Plaintiffs Asuncion Bustamante and Hilda Gabriel (collectively, the "Plaintiffs") bring this action against Defendants Atrium Medical Corporation ("Atrium"), Maquet Cardiovascular, LLC ("MCV"), Ethicon Inc. and Johnson & Johnson Inc. In short, Plaintiffs allege Mr. Bustamante sustained injuries as a result of the implantation of the Atrium ProLite™ Mesh ("ProLite Mesh") during his hernia repair surgery. See Am. Compl., ECF No. 13. Specifically Plaintiffs bring the following claims: Strict Liability Design Defect (Count I), Strict Liability Manufacturing Defect (Count II), Strict Liability Failure to Warn (Count III), Negligence (Count IV), Breach of Warranty (Count V), Punitive Damages (Count VI), Fraudulent Misrepresentation (Count VII), Negligent Misrepresentation (Count VIII), Unjust Enrichment (Count IX) Consumer Fraud (Count X) and Loss of Consortium (XI). Before the Court are Defendants Atrium's and MCV's (collectively, the "Defendants") motions to dismiss Plaintiffs' claims. After careful consideration, Defendants' motions to dismiss are GRANTED. Additionally, Plaintiffs are GRANTED leave to amend their complaint.
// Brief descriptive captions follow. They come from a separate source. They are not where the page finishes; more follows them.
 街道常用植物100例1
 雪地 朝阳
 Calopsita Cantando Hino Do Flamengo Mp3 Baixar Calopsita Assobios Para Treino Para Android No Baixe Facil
"A hernia is a medical condition caused by the penetration of fatty tissue, intestine, or organs through a weakened or compromised location in muscle of connective tissue." Am. Compl. ¶ 39. Typically, hernias occur near the abdominal wall and at times, manifest as visible protrusions or bulges. Id. ¶ 41. Hernias can be treated through hernia repair surgeries. Id. ¶ 42. During such procedures, physicians may utilize hernia mesh, which is constructed from synthetic or biologic materials and tissues, to strengthen the repair. Id. ¶ 44-45. Common injuries resulting from surgeries using hernia mesh include "pain, infection, adhesion of scar tissue sticking together, blockages that obstruct intestines, internal bleeding, fistula between organs (abnormal organ connection or fusion), serenoma or fluid buildup at site, and perforation of other organs." Id. ¶ 48.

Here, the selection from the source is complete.